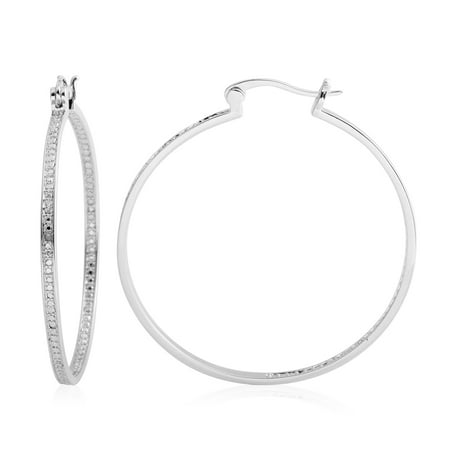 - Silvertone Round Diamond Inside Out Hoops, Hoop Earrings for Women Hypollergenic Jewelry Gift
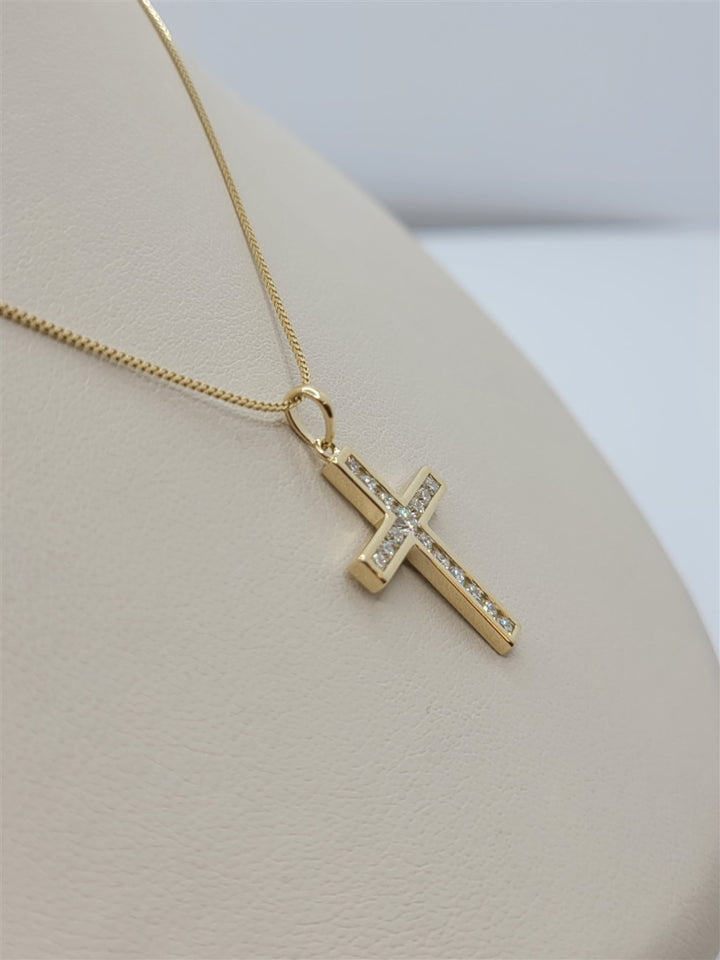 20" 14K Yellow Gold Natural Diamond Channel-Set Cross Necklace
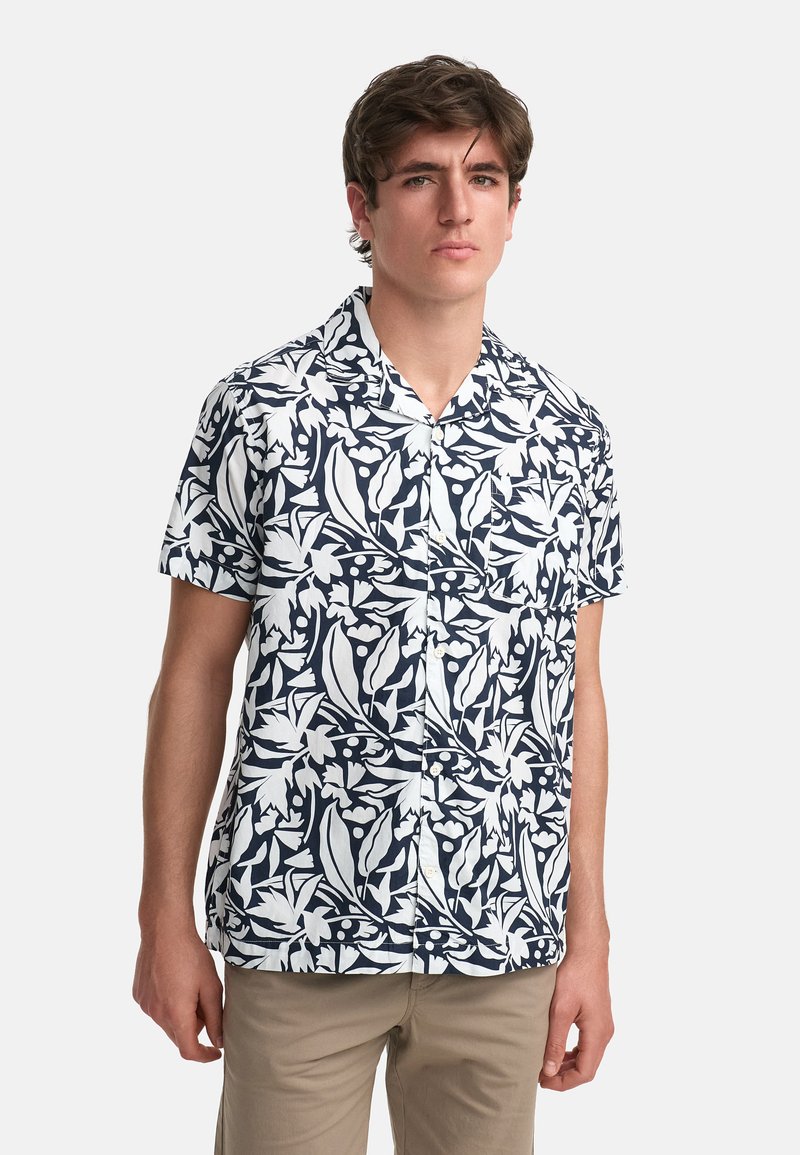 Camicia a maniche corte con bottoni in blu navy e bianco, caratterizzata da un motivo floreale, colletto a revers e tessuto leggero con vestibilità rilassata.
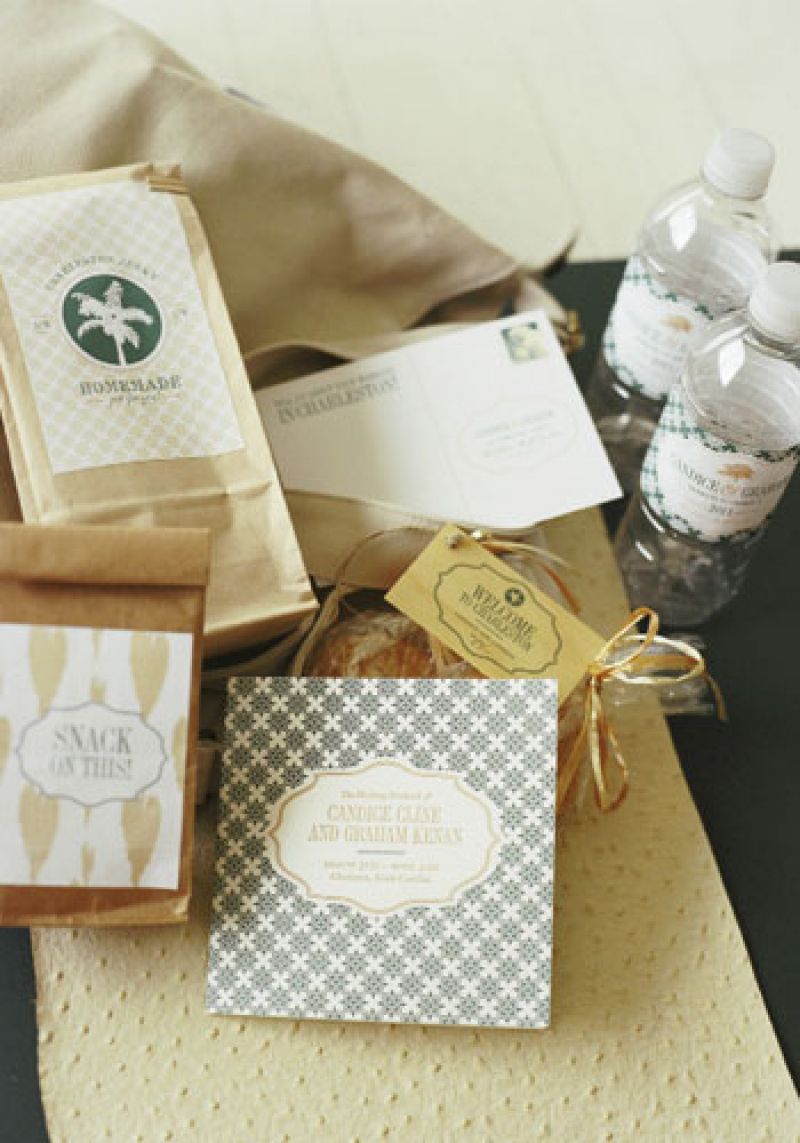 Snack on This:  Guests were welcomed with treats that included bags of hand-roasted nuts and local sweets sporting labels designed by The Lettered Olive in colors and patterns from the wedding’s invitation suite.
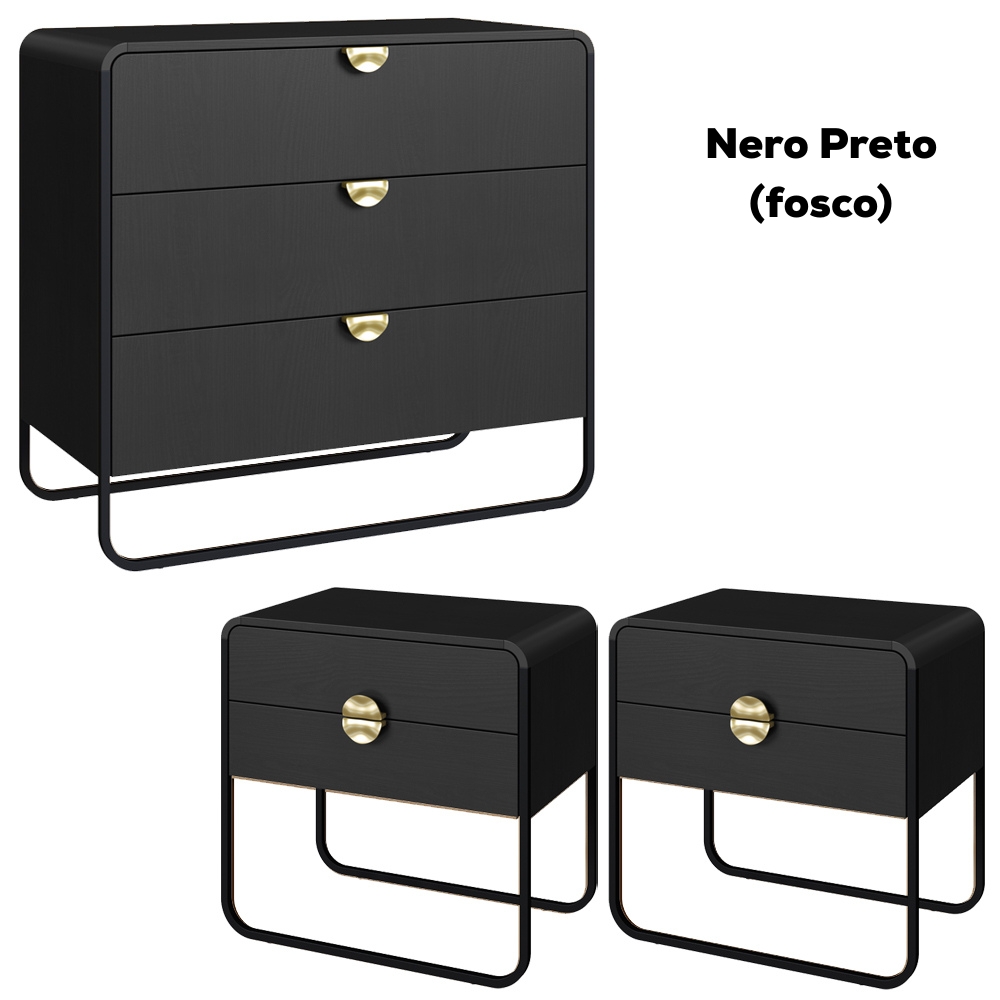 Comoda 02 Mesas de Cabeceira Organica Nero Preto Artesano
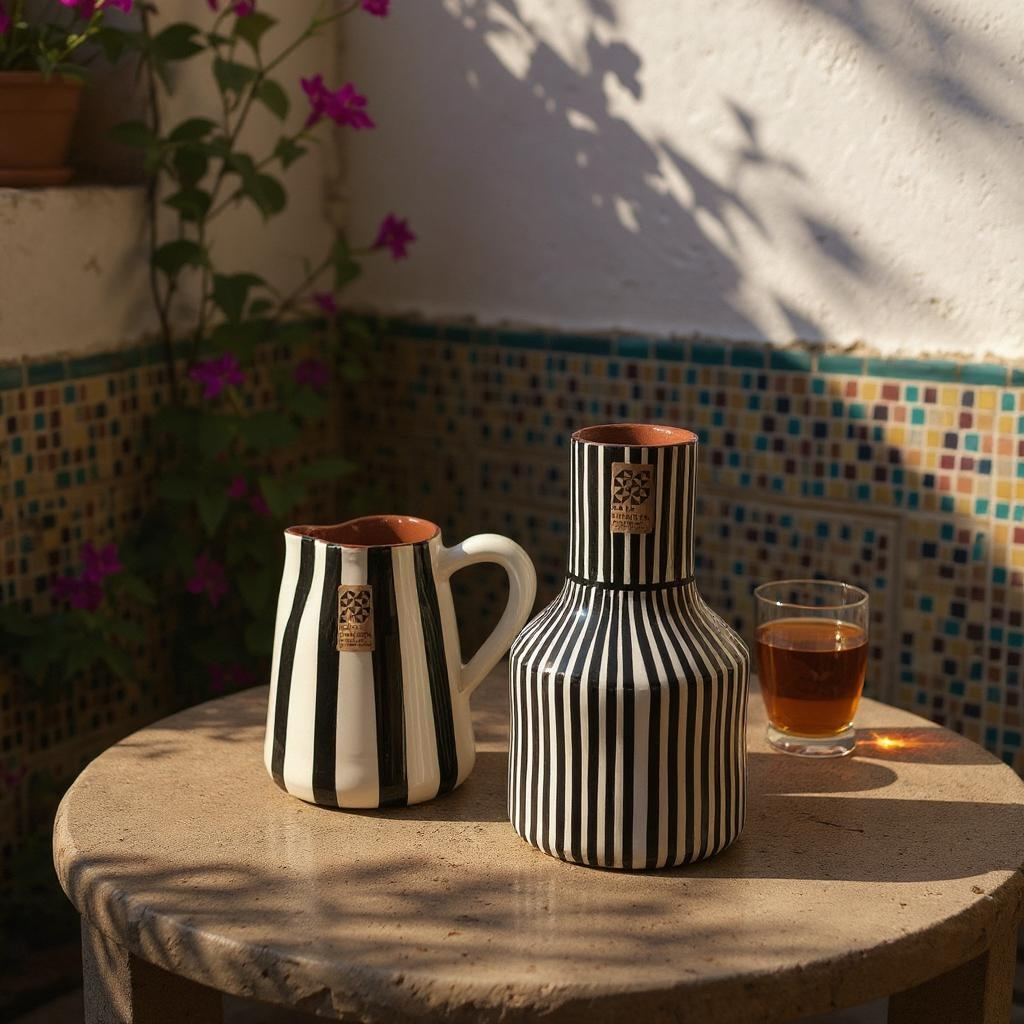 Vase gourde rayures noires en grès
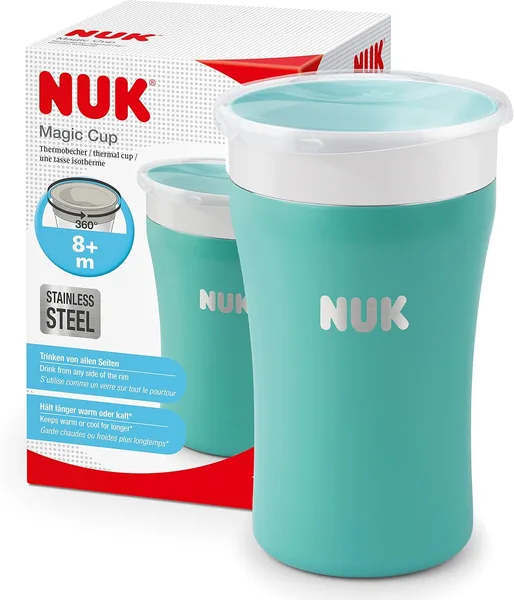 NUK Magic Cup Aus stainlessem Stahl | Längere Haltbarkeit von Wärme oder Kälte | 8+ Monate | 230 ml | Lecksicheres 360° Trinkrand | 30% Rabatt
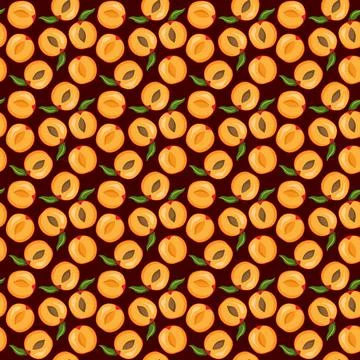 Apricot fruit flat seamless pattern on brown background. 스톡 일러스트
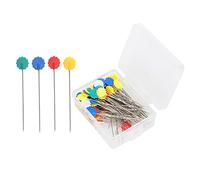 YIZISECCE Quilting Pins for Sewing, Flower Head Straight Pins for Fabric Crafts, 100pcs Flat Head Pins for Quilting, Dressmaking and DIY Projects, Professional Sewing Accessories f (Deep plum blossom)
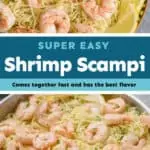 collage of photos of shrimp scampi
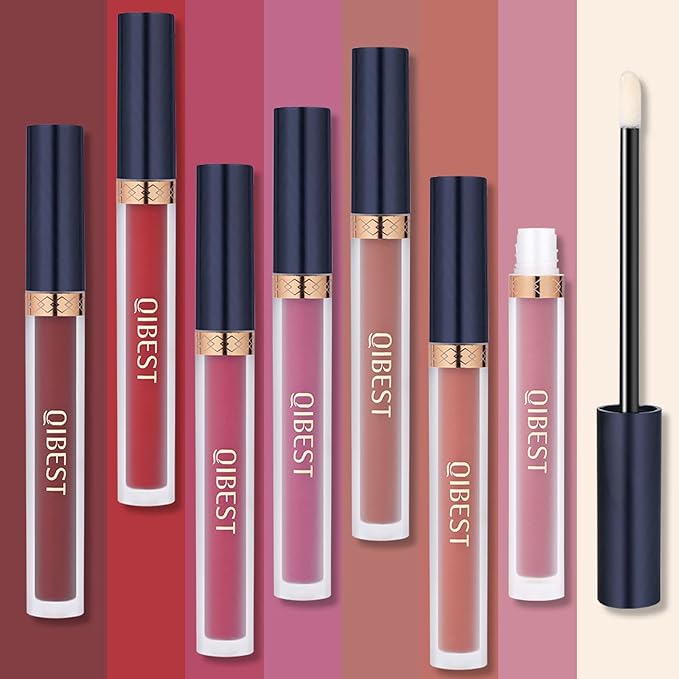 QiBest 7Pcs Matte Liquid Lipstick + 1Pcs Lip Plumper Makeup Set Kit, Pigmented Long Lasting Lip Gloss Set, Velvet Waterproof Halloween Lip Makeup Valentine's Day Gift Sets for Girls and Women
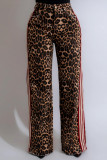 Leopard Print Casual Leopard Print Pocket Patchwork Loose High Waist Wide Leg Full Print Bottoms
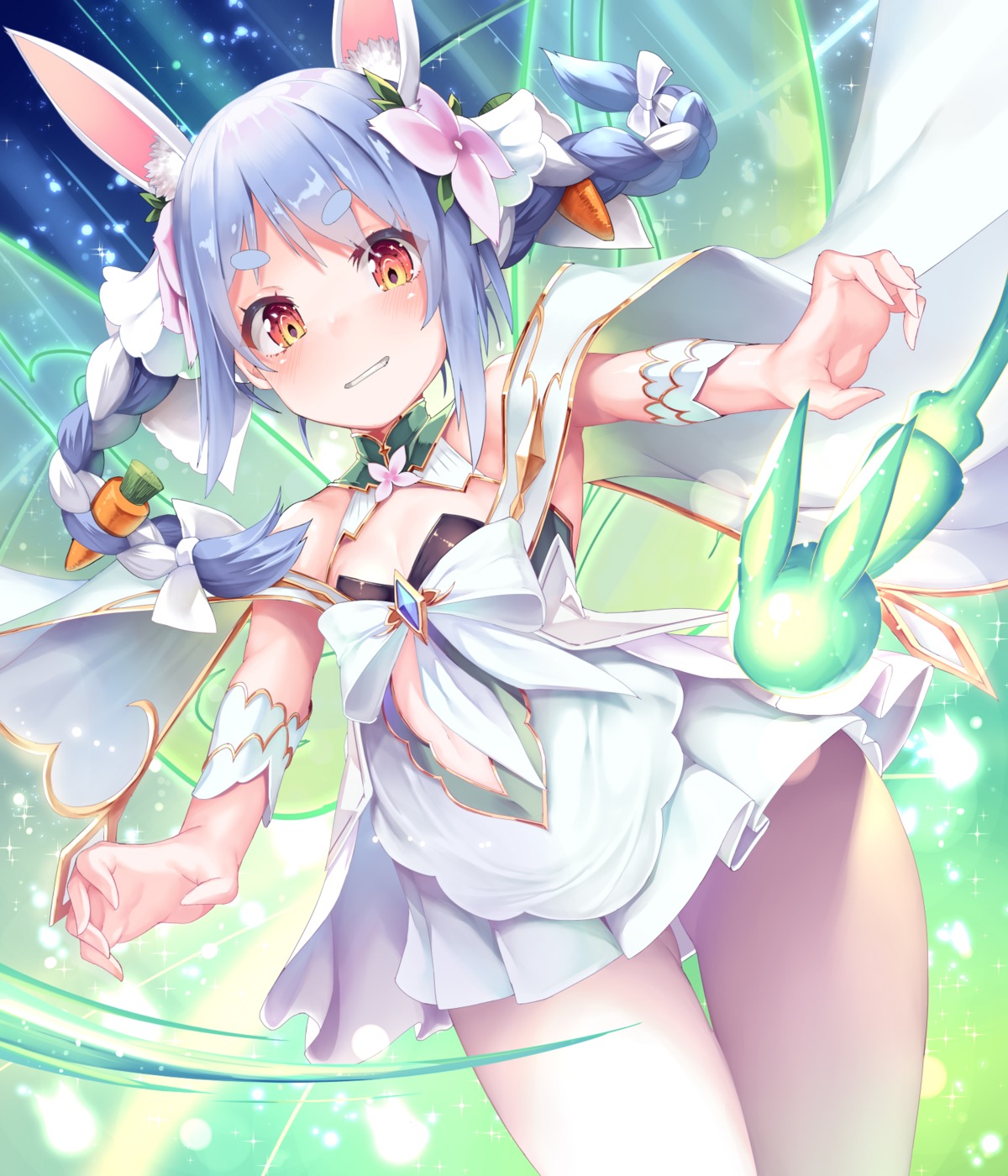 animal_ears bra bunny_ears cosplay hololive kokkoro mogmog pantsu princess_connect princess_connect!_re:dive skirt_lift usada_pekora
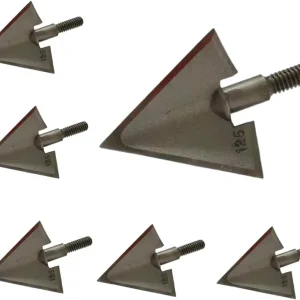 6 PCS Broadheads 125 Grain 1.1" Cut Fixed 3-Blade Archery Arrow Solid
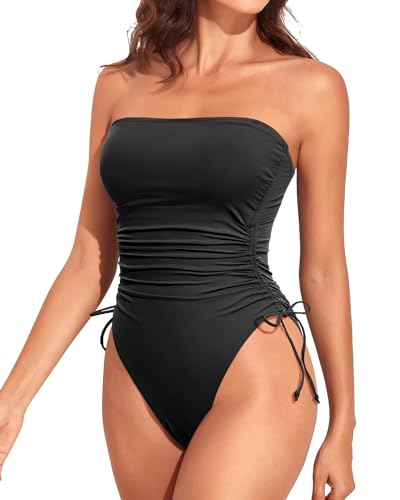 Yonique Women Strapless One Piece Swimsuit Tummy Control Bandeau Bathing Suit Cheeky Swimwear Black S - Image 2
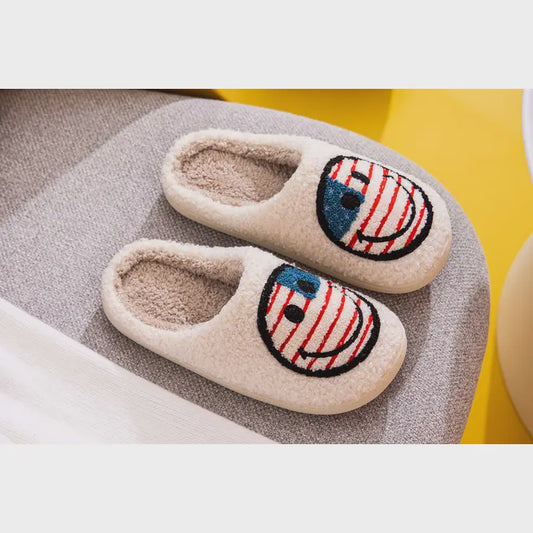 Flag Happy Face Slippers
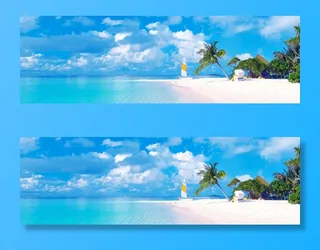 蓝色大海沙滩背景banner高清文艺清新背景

__What to produce__
Exactly the lines from the one holding "QiBest 7Pcs Matte" through the last line of the entries must be set down, with nothing added and no pictures.

__Reply__
 QiBest 7Pcs Matte Liquid Lipstick + 1Pcs Lip Plumper Makeup Set Kit, Pigmented Long Lasting Lip Gloss Set, Velvet Waterproof Halloween Lip Makeup Valentine's Day Gift Sets for Girls and Women
 Leopard Print Casual Leopard Print Pocket Patchwork Loose High Waist Wide Leg Full Print Bottoms
 animal_ears bra bunny_ears cosplay hololive kokkoro mogmog pantsu princess_connect princess_connect!_re:dive skirt_lift usada_pekora
 6 PCS Broadheads 125 Grain 1.1" Cut Fixed 3-Blade Archery Arrow Solid
 Yonique Women Strapless One Piece Swimsuit Tummy Control Bandeau Bathing Suit Cheeky Swimwear Black S - Image 2
 Flag Happy Face Slippers
 蓝色大海沙滩背景banner高清文艺清新背景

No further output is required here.